▸ **What is expected**
Your answer must be the records below, repeated exactly, with every picture left out.

=== Given records ===

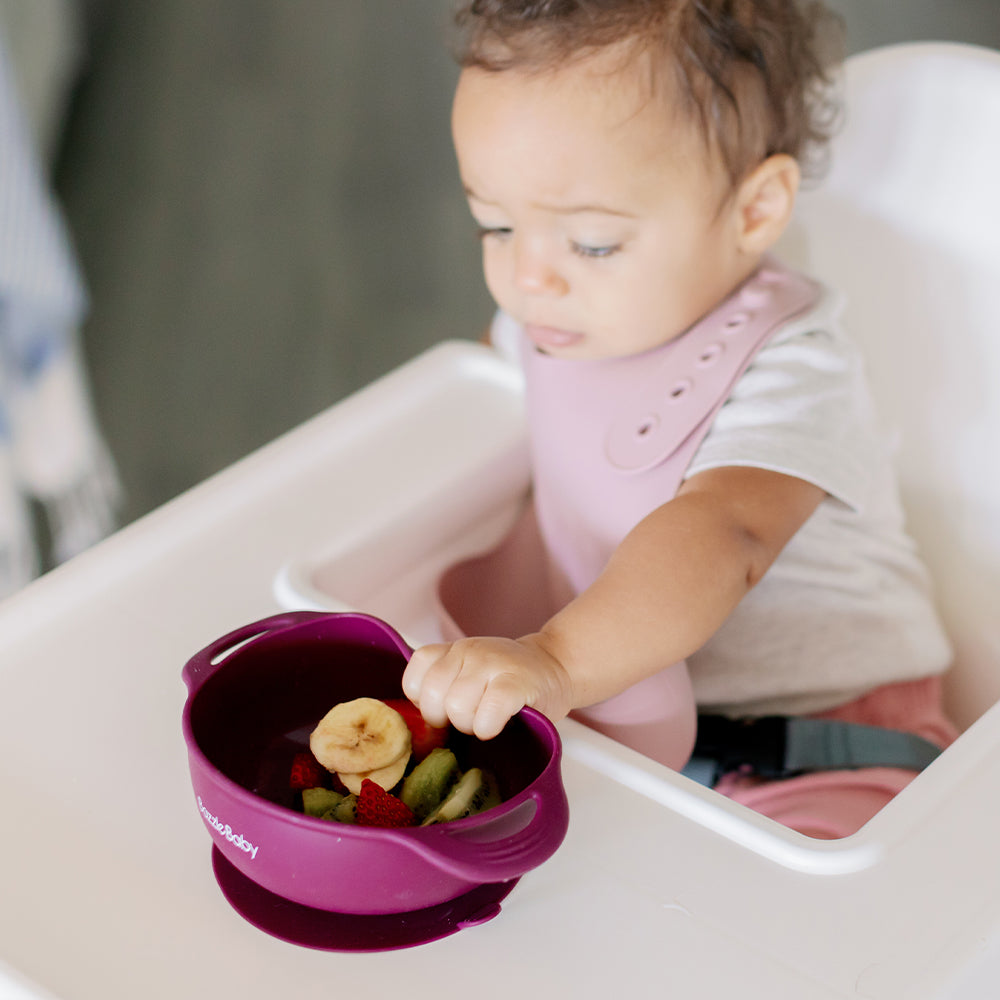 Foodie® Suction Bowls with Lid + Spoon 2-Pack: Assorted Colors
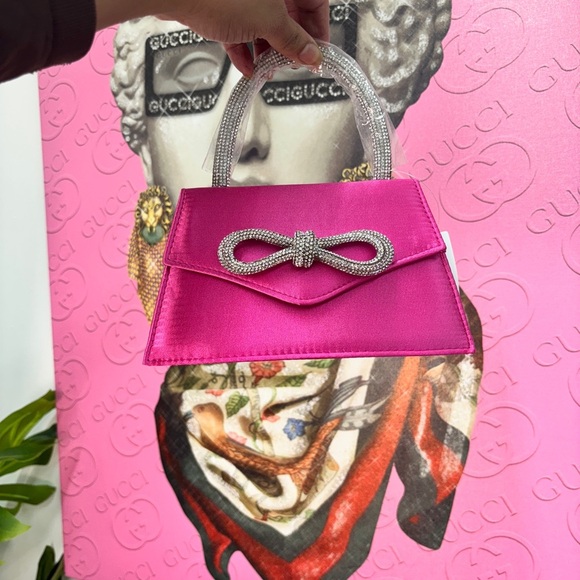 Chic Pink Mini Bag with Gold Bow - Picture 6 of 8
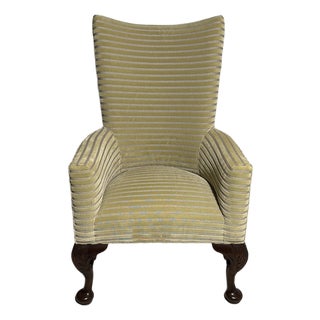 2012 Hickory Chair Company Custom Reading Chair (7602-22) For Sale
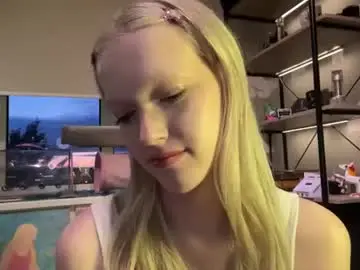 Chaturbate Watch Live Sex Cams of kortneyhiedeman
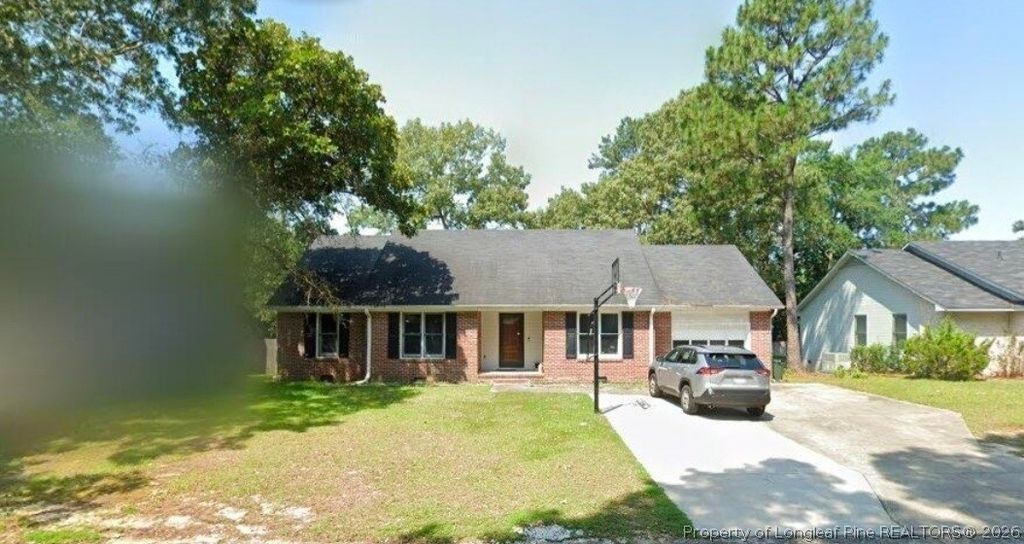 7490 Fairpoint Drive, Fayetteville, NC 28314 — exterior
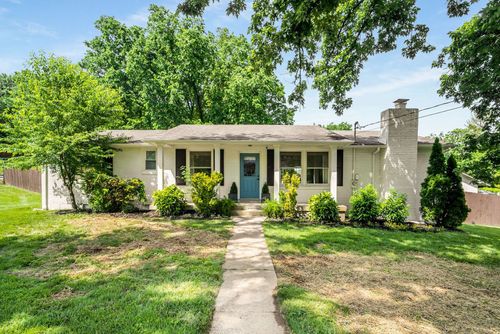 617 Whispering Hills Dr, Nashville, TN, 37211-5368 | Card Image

===

▸ **Solution**
 Foodie® Suction Bowls with Lid + Spoon 2-Pack: Assorted Colors
 Chic Pink Mini Bag with Gold Bow - Picture 6 of 8
 2012 Hickory Chair Company Custom Reading Chair (7602-22) For Sale
 Chaturbate Watch Live Sex Cams of kortneyhiedeman
 7490 Fairpoint Drive, Fayetteville, NC 28314 — exterior
 617 Whispering Hills Dr, Nashville, TN, 37211-5368 | Card Image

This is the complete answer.